Easy to make and Very Yummy!!! I always make extra to Freeze!!!
I will exchange the black beans for pink bean the next time I make this. I made a double batch to freeze for easy, healthy lunches. I have black beans in just about everything, from taco salad to black bean burgers. The pink beans should give me a nice variety to my meals.
This soup was so delicious! I got all the ingredients and dumped it all into a pot. I let it cook then afterwards cut up the cooked chicken, placing the chicken back into the pot to cook a little longer. I put a little garlic and parsley as I like these ingredients in my soups. This soup was super easy to make. Make it and enjoy!

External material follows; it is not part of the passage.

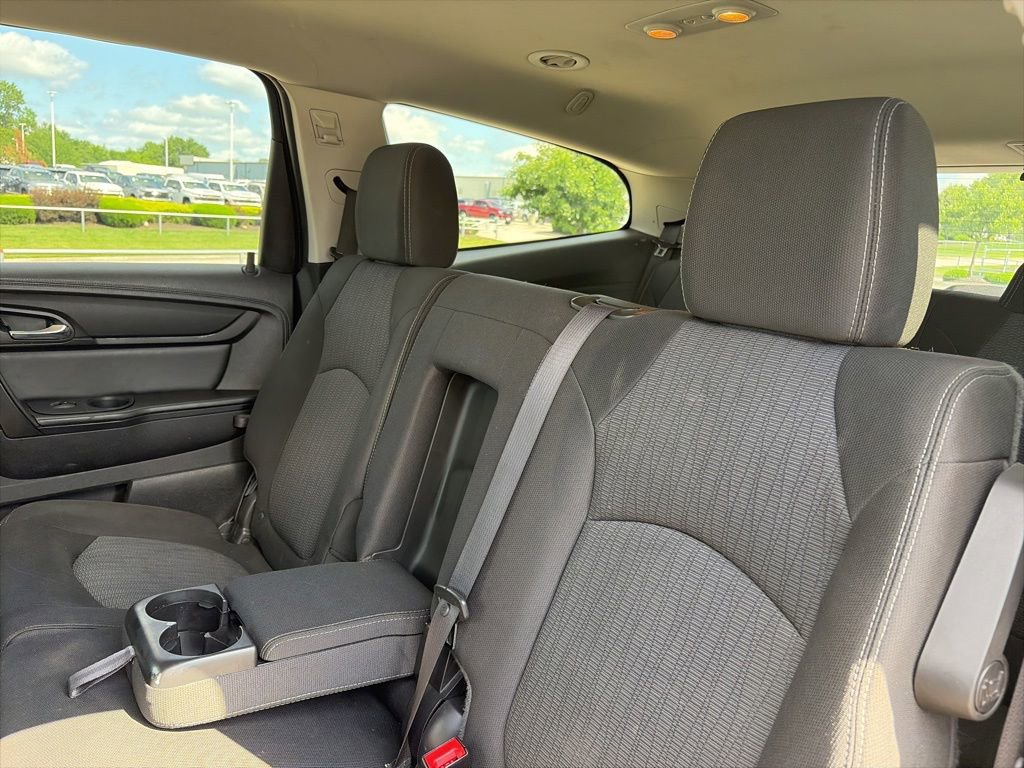 Used 2016 Chevrolet Traverse LT w/ Style and Technology Package FWD image 41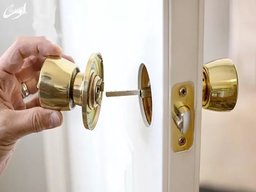 آموزش نصب دستگیره و قفل درب چوبی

I make a very similar soup. Double the chicken, use fiesta corn (corn with red and green peppers) and only a cup of chicken broth. Add a "tub" of Santa Fe cooking cream (formerly a Philadelphia Cream Cheese product but an easy recipe is available on line). The biggest difference is the topping. Take four small tortillas, cut them in strips and brush with olive oil. Bake at 400 degrees for about 10 minutes, stirring occasionally. Watch to be sure they get brown, not burnt. Delicious even as a snack. You don't need to thicken the sauce with the cooking cream. Just brown the chicken and add the rest of the ingredients (except the tortilla strips) and simmer for about 10-15 minutes. Top with the strips and cilantro. It's so easy and yummy. I always get rave reviews when I make it.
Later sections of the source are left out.